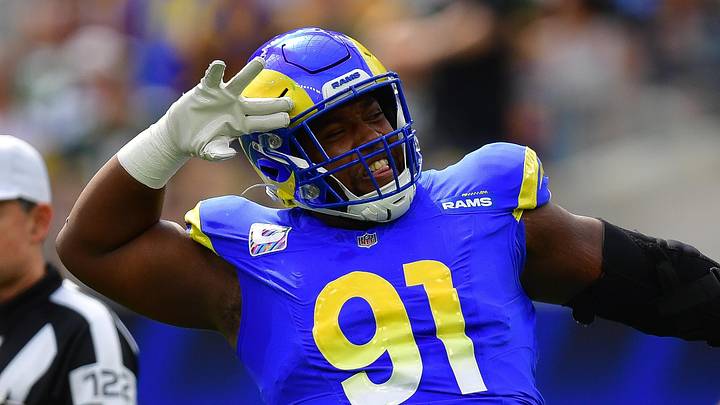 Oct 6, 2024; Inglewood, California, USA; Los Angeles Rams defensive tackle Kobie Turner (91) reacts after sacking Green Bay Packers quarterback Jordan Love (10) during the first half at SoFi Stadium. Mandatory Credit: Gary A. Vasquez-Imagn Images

━━━━━━━━

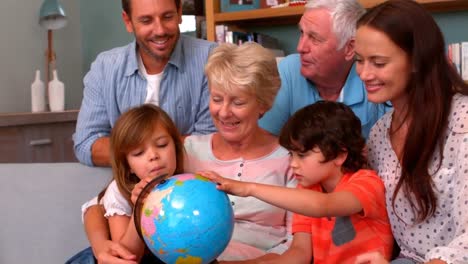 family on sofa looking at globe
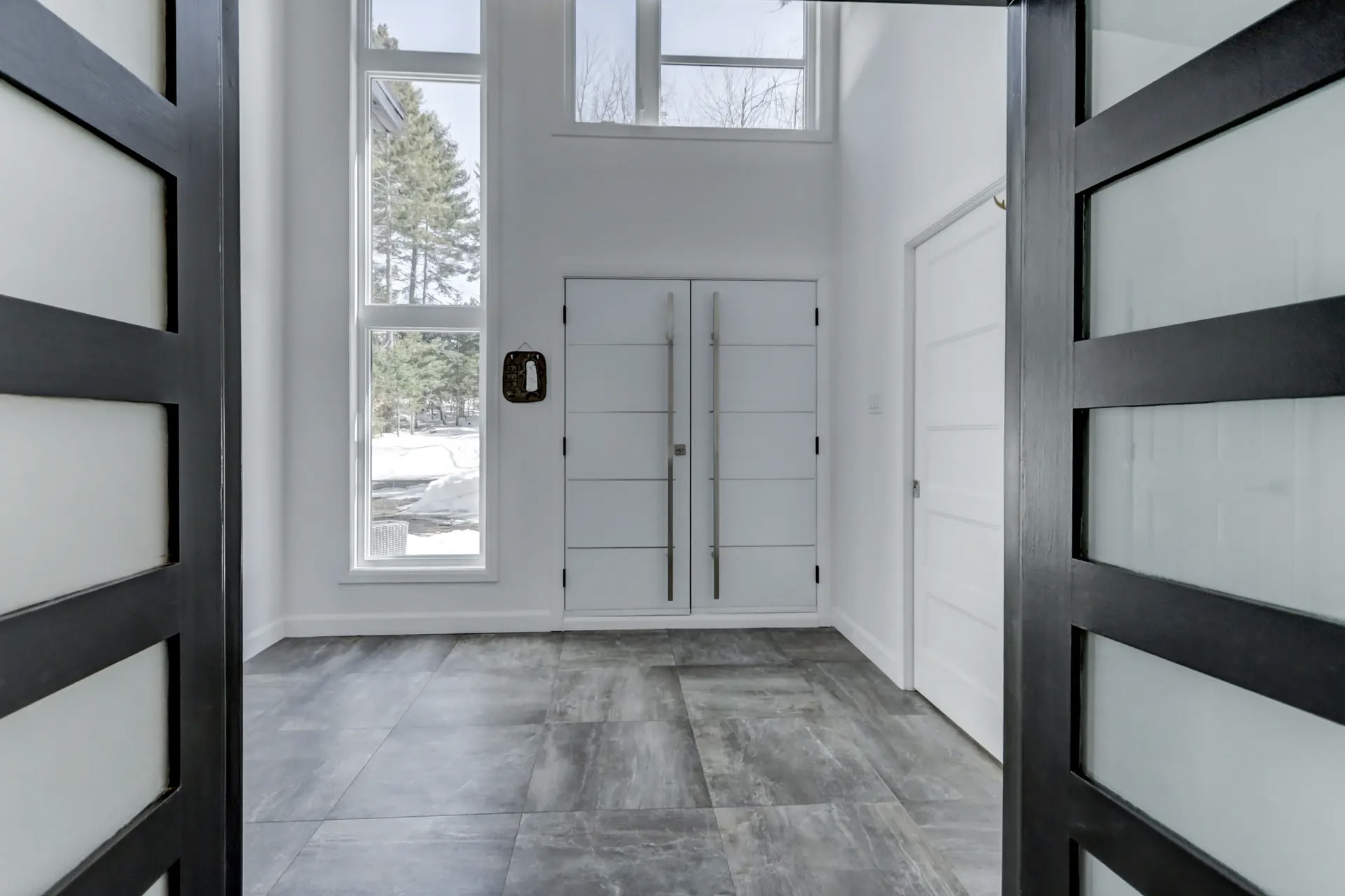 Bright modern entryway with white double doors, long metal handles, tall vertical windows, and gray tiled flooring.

━━━━━━━━

Among the entries above, take the line with "family on sofa looking at globe", the line with "Bright modern entryway", and all the lines between them, and restate them word for word without pictures.

 family on sofa looking at globe
 Bright modern entryway with white double doors, long metal handles, tall vertical windows, and gray tiled flooring.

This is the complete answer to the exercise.